Tim McGarigle

Northwestern Wildcats
- Title: Defensive coordinator

Personal information
- Born: October 25, 1983 (age 42) Chicago, Illinois, U.S.
- Listed height: 6 ft 0 in (1.83 m)
- Listed weight: 240 lb (109 kg)

Career information
- High school: St. Patrick (Chicago)
- College: Northwestern
- NFL draft: 2006: 7th round, 221st overall pick

Career history

Playing
- St. Louis Rams (2006–2007); Florida Tuskers (2009–2010);

Coaching
- Northwestern (2011) Graduate assistant; Western Michigan (2012–2013) Linebackers coach; Western Michigan (2014–2015) Linebackers coach & run game coordinator; Illinois (2016) Linebackers coach; Green Bay Packers (2017) Defensive quality control coach; Northwestern (2018–2023) Linebackers coach; Northwestern (2024–present) Defensive coordinator & linebackers coach;

Awards and highlights
- First-team All-Big Ten (2004); Second-team All-Big Ten (2005);

Career NFL statistics
- Total tackles: 6
- Stats at Pro Football Reference

= Tim McGarigle =

American football player and coach (born 1983)

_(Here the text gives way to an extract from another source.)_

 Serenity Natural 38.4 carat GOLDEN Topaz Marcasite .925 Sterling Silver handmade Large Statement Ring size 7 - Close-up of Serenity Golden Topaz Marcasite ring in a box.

Timothy J. McGarigle (born October 25, 1983) is an American former professional football player who was a linebacker in the National Football League (NFL). He was selected by the St. Louis Rams in the seventh round of the 2006 NFL draft. He also played for the Florida Tuskers of the United Football League (UFL). Currently, he is an assistant coach for the Northwestern Wildcats, with whom he also played college football.

==Early life==
McGarigle played for Saint Tarcissus on the northwest side of Chicago throughout his grammar school career. He graduated from St. Patrick High School in Chicago. At St. Patrick he played linebacker, as well as running back.

==College career==
McGarigle played college football at Northwestern University, setting a then Football Bowl Subdivision record for most career tackles with 545. He graduated with a degree in communications studies.

==Professional career==

Pre-draft measurables
| Height | Weight | Arm length | Hand span | 40-yard dash | 10-yard split | 20-yard split | 20-yard shuttle | Three-cone drill | Vertical jump | Broad jump | Wonderlic |
| 6 ft 0+5⁄8 in (1.84 m) | 242 lb (110 kg) | 29+1⁄4 in (0.74 m) | 9+1⁄4 in (0.23 m) | 4.74 s | 1.63 s | 2.77 s | 4.07 s | 7.09 s | 38 in (0.97 m) | 9 ft 10 in (3.00 m) | 30 |
All values from NFL Combine

===St. Louis Rams===
McGarigle was selected by the St. Louis Rams in the seventh round (221st overall) in the 2006 NFL draft. He spent the 2006 season as a member of the practice squad. In 2007, McGarigle made the active roster and played 12 games. He was released from the Rams on September 3, 2008, and spent the rest of the year out of football.

===Florida Tuskers===
McGarigle was drafted by the Florida Tuskers of the United Football League in the UFL Premiere Season Draft in 2009. He signed with the team on August 17. In 2009, the Tuskers finished an undefeated regular season only to lose to the Las Vegas Locomotives in the 2009 UFL Championship Game. McGarigle was one of the team's defensive leaders, and recorded 34 1/2 tackles, one sack, one interception, and a forced fumble. In March 2010, McGarigle was one of 20 players from the 2009 team chosen by Tuskers head coach Jay Gruden, as the team began to build its 2010 roster.

==Coaching career==
McGarigle joined the Northwestern coaching staff as a defensive graduate assistant in 2011, and then went on to coach linebackers at Western Michigan University. Following the 2015 season, he was hired to coach linebackers at the University of Illinois. He subsequently served as a defensive quality control coach for the Green Bay Packers. On January 4, 2018, it was announced that McGarigle would return to Northwestern as an assistant coach on Pat Fitzgerald's staff.